Saez Gets 1,000 by Giving Lea First Graded Win

HRI Staff Report

HALLANDALE BEACH, FL., January 11, 2014 – For the team surrounding Hal's Hope winner Lea, there was a lot a karma involved going into Saturday's graded stakes at Gulfstream Park..

Although the Claiborne runner was regarded more highly as a turf horse, his new mentor Bill Mott thought that a dirt experiment was worthwhile, he had liked his prior main track runs that much. Further, he reasoned, let's see if we can get things going with a talented young rider that shifted his tack to New York last year and broke through on a horse called Will Take Charge.

Luis Saez won a lot of big races in the past year for several trainers while emerging as a rising riding star, but Bill Mott wasn’t one of them…until Saturday at Gulfstream Park.

"I think he’s a good rider, a good young rider. I think he’s going to be in the top echelon of the jocks,” Mott said. “I actually hadn’t had much luck with him up until today – maybe I just didn’t put him on the right kind of horses – but I’m glad we’ve finally broke through in a graded stakes.”

Saez just missed pulling off a front-running upset aboard the Mott-trained Tetradrachm in the $200,000 Fort Lauderdale (G2) won by heavily favored Summer Front one race earlier.

But he came through for the Hall of Fame trainer in a big way in the $100,000 Hal’s Hope Stakes (G3). The 21-year-old jockey not only posted a 3 ¼-length victory aboard Lea, a $6.40-1 longshot, he registered a personal milestone by visiting the winner’s circle for the 1000th time during his relatively brief career.

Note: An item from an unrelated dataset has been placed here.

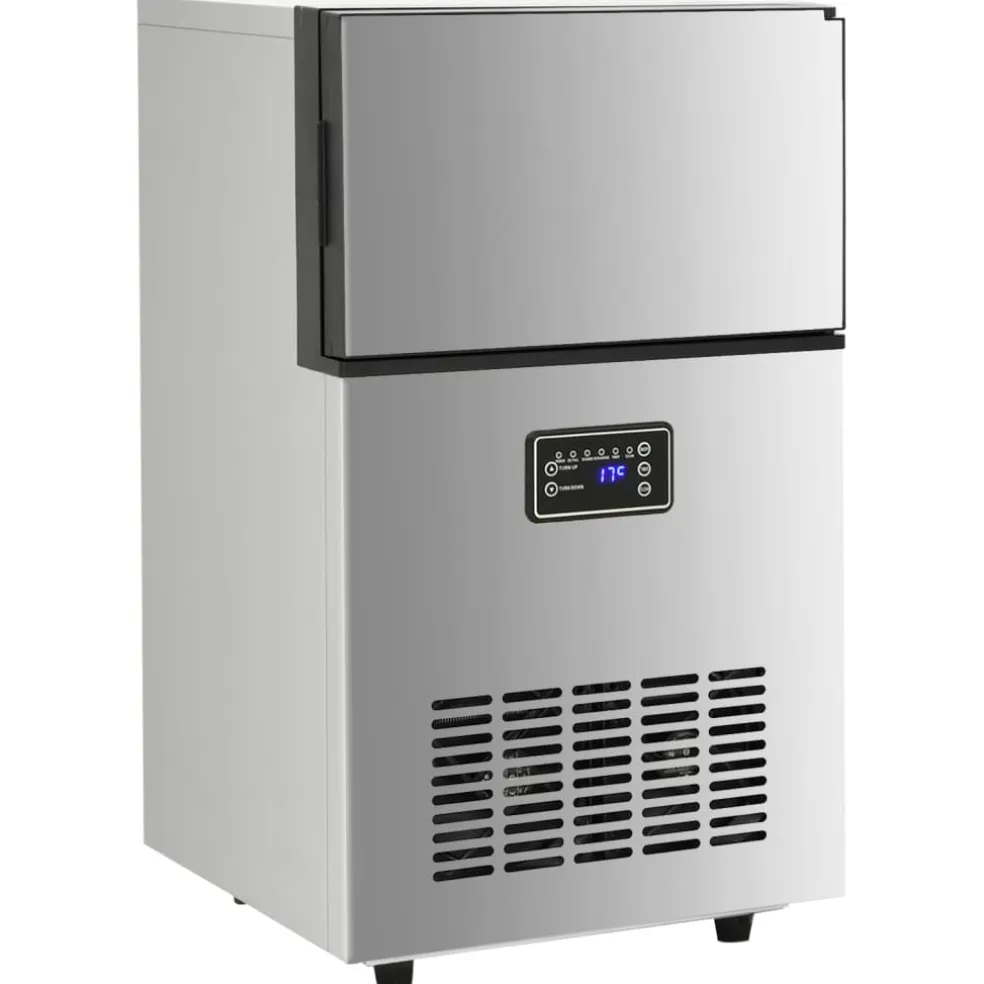 vidaXL IJsblokjesmachine 45 kg / 24 u zilverkleurig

“It’s amazing! I thank God,” said Saez, whose most high-profile triumphs of 2013 came aboard Travers and Clark Handicap winner Will Take Charge. “I need to thank the trainers, the owners and my agent (Richard Depass) too.”

Making his first start for Mott and only his third career start on dirt, Lea pressed the pace set by Csaba along the backstretch and around the final turn before taking over at the top of the stretch and continuing on to a convincing victory.

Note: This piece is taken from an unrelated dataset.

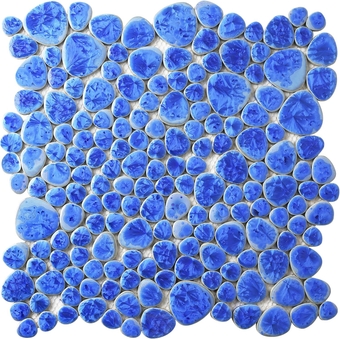 Pebbles Tile Ceramic Azure Blue Mosaic Tiles for Swimming Pools Bath Accent Wall Backsplash Shower Floor Tile TSTGPT003 (5 Square Feet)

“It went really well. My horse broke so good. We followed Csaba because I knew he was the horse to beat,” said Saez, who rode Csaba to a victory in the 2013 Hal’s Hope. “At the three-eighths (pole), I had a lot of horse and when I asked him, he ran. He handled the dirt really well.”

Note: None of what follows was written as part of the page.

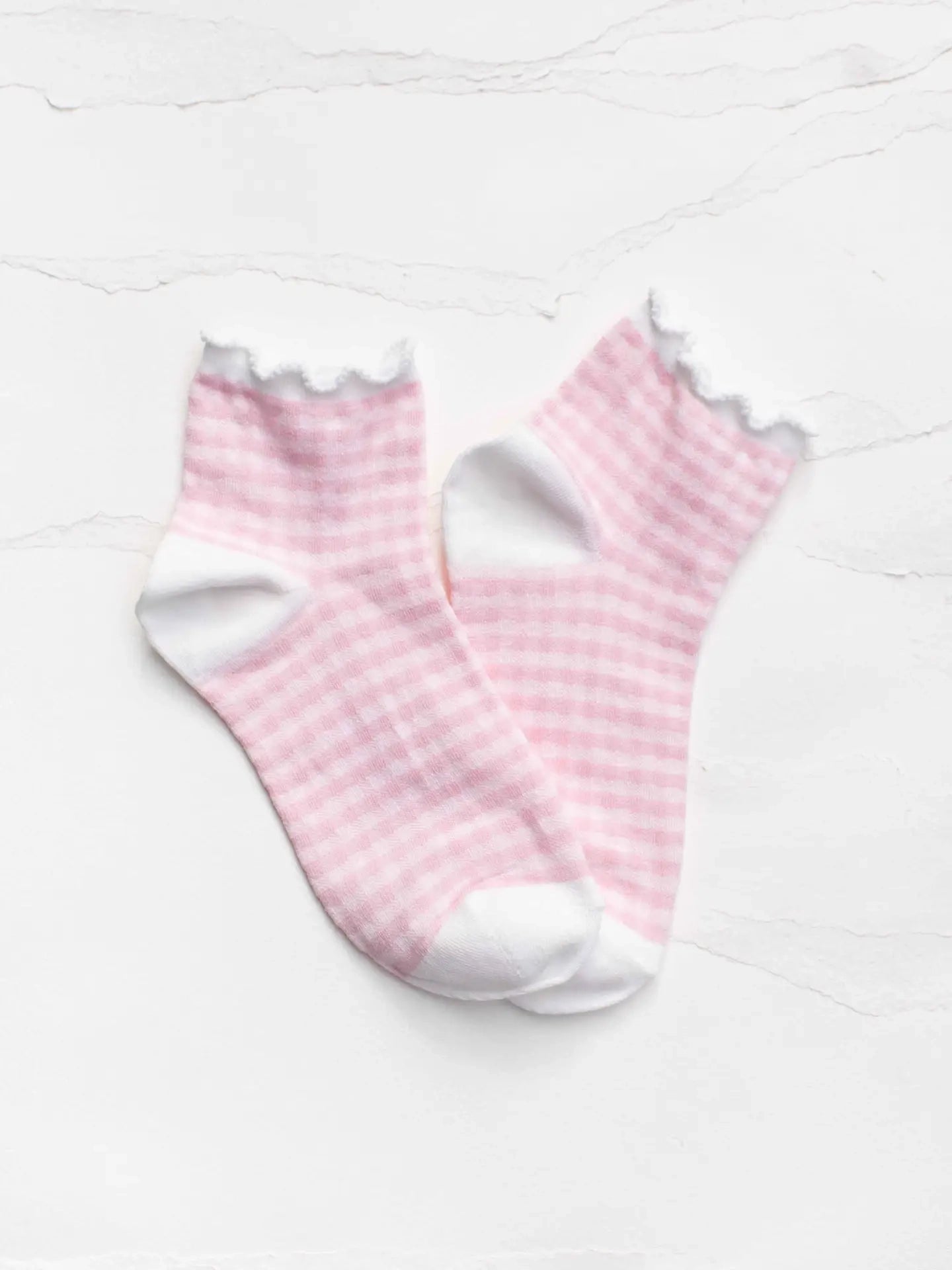 Barbara Gingham Ruffle Socks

Jackson Bend, ridden by Javier Castellano, closed to finish a non-threatening second, a half-length ahead of Neck ‘n Neck and jockey Julien Leparoux. Csaba, the 3-1 favorite and defending champion ridden by Paco Lopez, faded to sixth.

Lea, who had previously raced on turf and synthetic surfaces for trainer Al Stall Jr., ran the mile in 1:35.30 after pressing fractions of :24.15, :47.03 and 1:10.87 for the first six furlongs. Bred and owned by Claiborne Farm and Adele Dilschneider, Lea earned $60,000 for his fifth victory in 11 starts.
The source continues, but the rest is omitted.